• Resolved dingdang

    (@dingdang)


    Hello,

    as you have implemented the ability to set logic in the chain with some limits:
    * there is no way to say “logged in users excluding ABC OR logged out users” (why?)
    * the treating as “NO” is not clear if it happens when the page visited doesn’t match the rules AND (OR) the “Who?” part DOES NOT match

    Some bugs happen or it is just a consequence of the bad implementation – let say a role (i.e. logged in user is selected) is limited to view some pages otherwise to redirect to some URL (which works), then when a rule for “not logged in user” is added, for some reason it falls in the first rule and also redirects on the above match (which is nothing related to “not logged in users”)

    I am not sure if the above is clear, but for example:
    * if you set a rule “logged out users” can see “any page of the site” that automatically would mean that logged out users can’t see anything. This shouldn’t be so.
    Why I need such a rule – just because of the bug described early – logged out users (again because they fall in the exception of previous rules) are forced to some redirects. Then this could be fixed with a simple rule as above – just to enable them to see all the pages, but unfortunately such a rule just bans all logged in users.

    How do you propose for example to set up a simple chain of rules to:
    – role A should be able to see just 5 pages including home
    – role B should be able to see just the 5 pages above and 2 other pages, excluding home, and if it is another page, to be redirected to page X (one of the two) (here happens the redirect for not logged in users as well) NOTE: we don’t need to redirect logged out users!)

Viewing 3 replies - 1 through 3 (of 3 total)
  • Thread Starter dingdang

    (@dingdang)

    P.S. To be more precise here is a lot simpler question how to do:
    I want the home page to be able to be seen by logged out users and any other logged in user except with a role X.

    I hope you see here the problem of your implementation: if I set a rule for logged our users (to be able to see the home page), that would make all the logged in to be forbidden; if I first set the rule for logged in except.. then the logged out will get forbidden. And the next rule in the chain is ignored.

    Plugin Author Daniel Iser

    (@danieliser)

    @dingdang – Sorry to hear your running into trouble.

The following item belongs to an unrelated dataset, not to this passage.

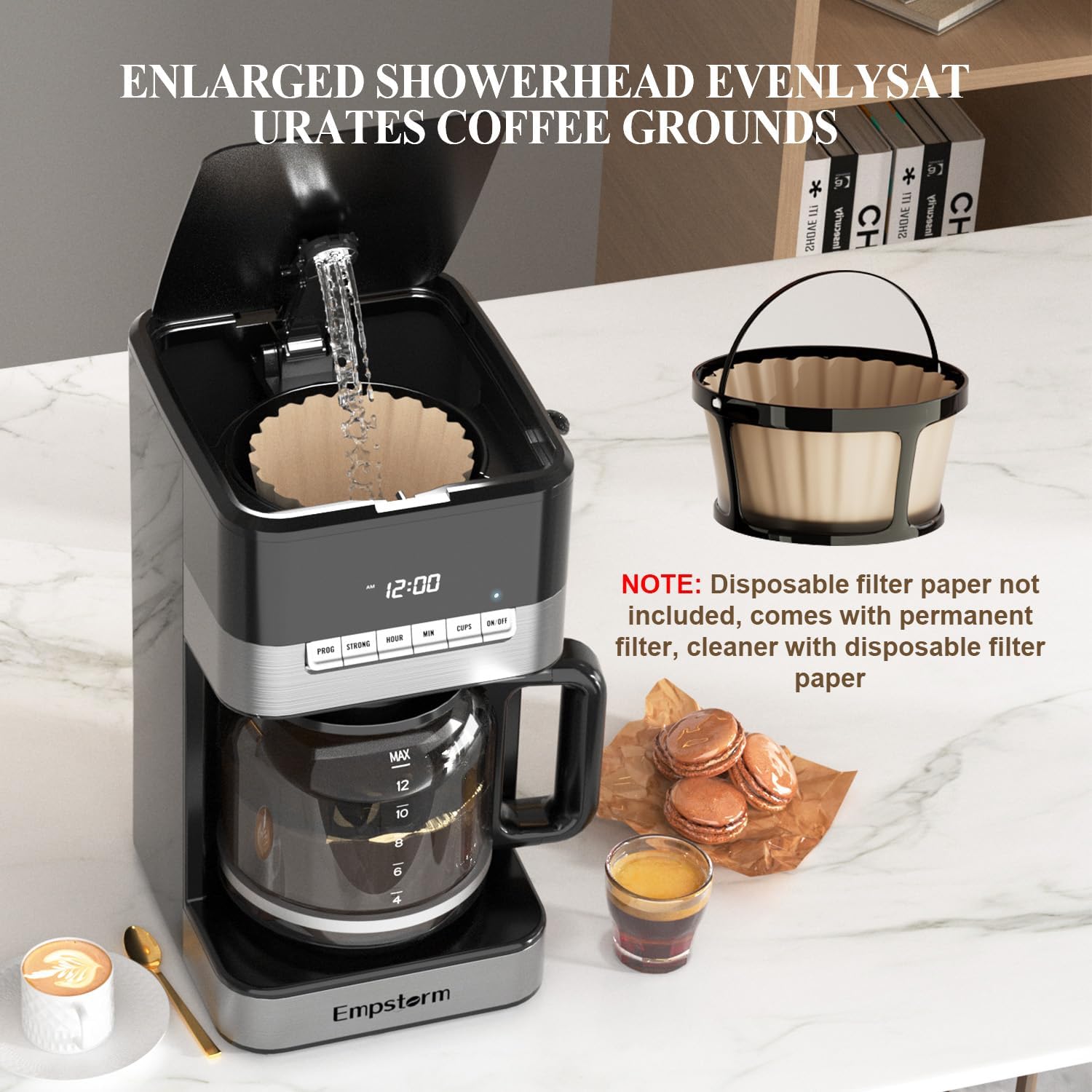 Programmable Drip Coffee Maker 4-12 Cup, 1000W Fast Brew Coffee Machine with Glass Carafe, 4-Hour Auto Shut Off  Keep Warm, Anti-Drip System, Strong Brew, Coffee Pot For Home Use · v2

    Couple things from the top:

    1. If you need boolean based user targeting, Pro offers “Custom” which expands to a full boolean editor, along with more user rules such as ecommerce based rules for purchase history or subscriptions etc.

      With that you can mix & match use of AND/OR, Groups & Negative rules, no limits.

    2. “Who can see this content” is pretty specific already we thought, but heres a quick breakdown in order of how things are processed on the front end:

      a. The “Who” specifies which users the restriction applies to. We check this first, as if they are allowed, no reason to waste performance checking content matches.

      b. Content rules: or the “What”, specify what content the restriction is applied to, if its not applied to a specific content, you should expect nothing to happen from our plugin.

      c. Protection Method: or the “How” determines how the content will be protected if both the user check failed & content rules matched.

    3. Rulesets are applied in priority sort order, or via a filter all at once.

      Default: Prioritized handling, works for 99% of use cases, simply put highest priority groups up top, lowest at the bottom. Once we find a restriction that matches we don’t check the others.

      For sites with membership levels etc, Gold first, Silver second etc. This ensures highest teir always wins out once matched.

      In your case this may or may not work because you really need to know whether they fit into either group or both.

      Collective: Runs all restrictions, still in order, but applies them all every time, no bailing early.

      This one currently is only enabled with a filter as it requires understanding the nuance issue your actually trying to solve and opting to do this sitewide, otherwise its extremely heavy for most users to enable by accident for sites with 10 levels where Default works great with no performance hits.

      Its in our troubleshooting doc here: https://contentcontrolplugin.com/docs/troubleshooting/basic-troubleshooting-guide/#h-my-restriction-isn-t-working-the-way-i-want

    Let me know if I missed anything.

    • This reply was modified 11 months, 2 weeks ago by Daniel Iser. Reason: fix aweful formatting of lists
    Plugin Author Daniel Iser

    (@danieliser)

    problem of your implementation

    @dingdang – Not sure its really a problem, more of a specific choice towards optimization over brute force where optimization is most appropriate in the majority of use cases.

    See the above solutions, we did consider these scenarios ??, even built in a solution, its just not exposed as a setting at this time as its difficult to explain what it does and why its needed in a single line (or even a paragraph as you rephrased yourself several times).